Step 1: Break down the double integral

The given double integral can be written as:

$\int_0^1 \left( \int_0^x y e^x \, dy \right) dx$

In this form, the inner integral is with respect to $y$, while the outer integral is with respect to $x$. We will first solve the inner integral.

Step 2: Solve the inner integral

The inner integral is:

$\int_0^x y e^x \, dy$

Note that $e^x$ is constant with respect to $y$, so it can be factored out of the integral:

$e^x \int_0^x y \, dy$

Now solve $\int_0^x y \, dy$. The antiderivative of $y$ is:

$\frac{y^2}{2}$

Now, evaluate this at the limits $0$ and $x$:

$\int_0^x y \, dy = \left[ \frac{y^2}{2} \right]_0^x = \frac{x^2}{2}$

So the inner integral becomes:

$e^x \cdot \frac{x^2}{2} = \frac{x^2 e^x}{2}$

Step 3: Solve the outer integral

Now we substitute this result into the outer integral:

$\int_0^1 \frac{x^2 e^x}{2} \, dx$

Factor out the constant $\frac{1}{2}$:

$\frac{1}{2} \int_0^1 x^2 e^x \, dx$

We now need to compute $\int_0^1 x^2 e^x \, dx$. This can be solved using integration by parts.

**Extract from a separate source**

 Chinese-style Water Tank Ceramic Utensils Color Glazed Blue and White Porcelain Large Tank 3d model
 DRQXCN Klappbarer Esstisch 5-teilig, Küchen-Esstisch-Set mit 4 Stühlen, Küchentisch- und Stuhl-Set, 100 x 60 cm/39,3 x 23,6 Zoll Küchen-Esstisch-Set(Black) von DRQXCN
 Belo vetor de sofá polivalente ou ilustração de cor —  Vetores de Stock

Step 4: Integration by parts

We will use integration by parts, where:

$u = x^2 \quad \text{and} \quad dv = e^x \, dx$

First, differentiate and integrate:

$du = 2x \, dx \quad \text{and} \quad v = e^x$

Now apply the integration by parts formula:

$\int u \, dv = uv - \int v \, du$

Substitute $u = x^2$, $du = 2x \, dx$, $v = e^x$, and $dv = e^x \, dx$:

$\int x^2 e^x \, dx = x^2 e^x - \int 2x e^x \, dx$

Now, we need to compute $\int 2x e^x \, dx$, again using integration by parts.

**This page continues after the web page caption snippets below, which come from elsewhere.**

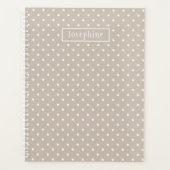 White On Beige Polka Dots Pattern With Custom Name プランナー手帳 (正面)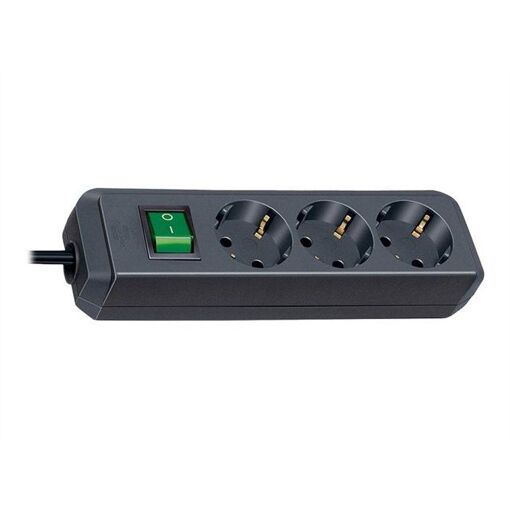 Cortocircuitos de la línea Eco de Brennenstuhl con 3 conectores de salida y cable de 1,5 m - Negro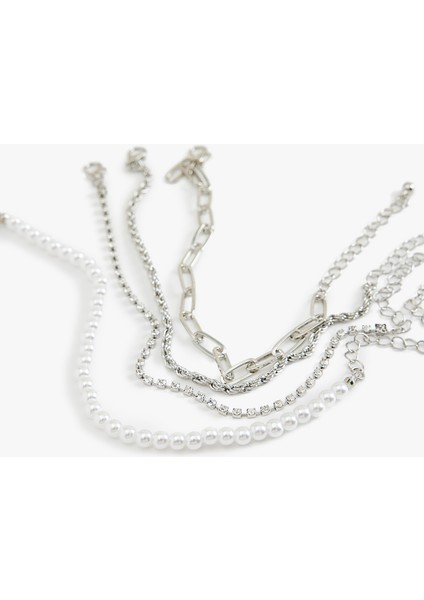 Taşlı Inci Detaylı 4'lü Zincir Bileklik Seti fiyatları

Let $u = 2x$ and $dv = e^x \, dx$. Then:

$du = 2 \, dx \quad \text{and} \quad v = e^x$

So:

$\int 2x e^x \, dx = 2x e^x - \int 2 e^x \, dx = 2x e^x - 2 e^x$

Thus:

$\int x^2 e^x \, dx = x^2 e^x - (2x e^x - 2 e^x)$

Simplify:

$\int x^2 e^x \, dx = x^2 e^x - 2x e^x + 2 e^x = e^x (x^2 - 2x + 2)$

Step 5: Evaluate the definite integral

Now, we evaluate this from 0 to 1:

$\left[ e^x (x^2 - 2x + 2) \right]_0^1$

At $x = 1$:

$e^1 (1^2 - 2(1) + 2) = e (1 - 2 + 2) = e$

At $x = 0$:

$e^0 (0^2 - 2(0) + 2) = 1 \cdot 2 = 2$

So the result of the definite integral is:

$e - 2$

Step 6: Final answer

Now multiply this by $\frac{1}{2}$ to get the final result:

$\frac{1}{2} (e - 2)$

Thus, the solution to the integral is:

$\boxed{\frac{e - 2}{2}}$

---

Would you like further clarification on any step or more details on integration by parts?

Related Questions:

1. What is the importance of integration by parts in solving integrals?
2. Can you show another example where we apply double integration?
3. What happens when the limits of integration are changed?
4. How can we solve integrals involving trigonometric functions?
5. How would we compute integrals that contain multiple variables without using substitution?

Tip:

When solving double integrals, always simplify the inner integral first to reduce complexity for the outer integral.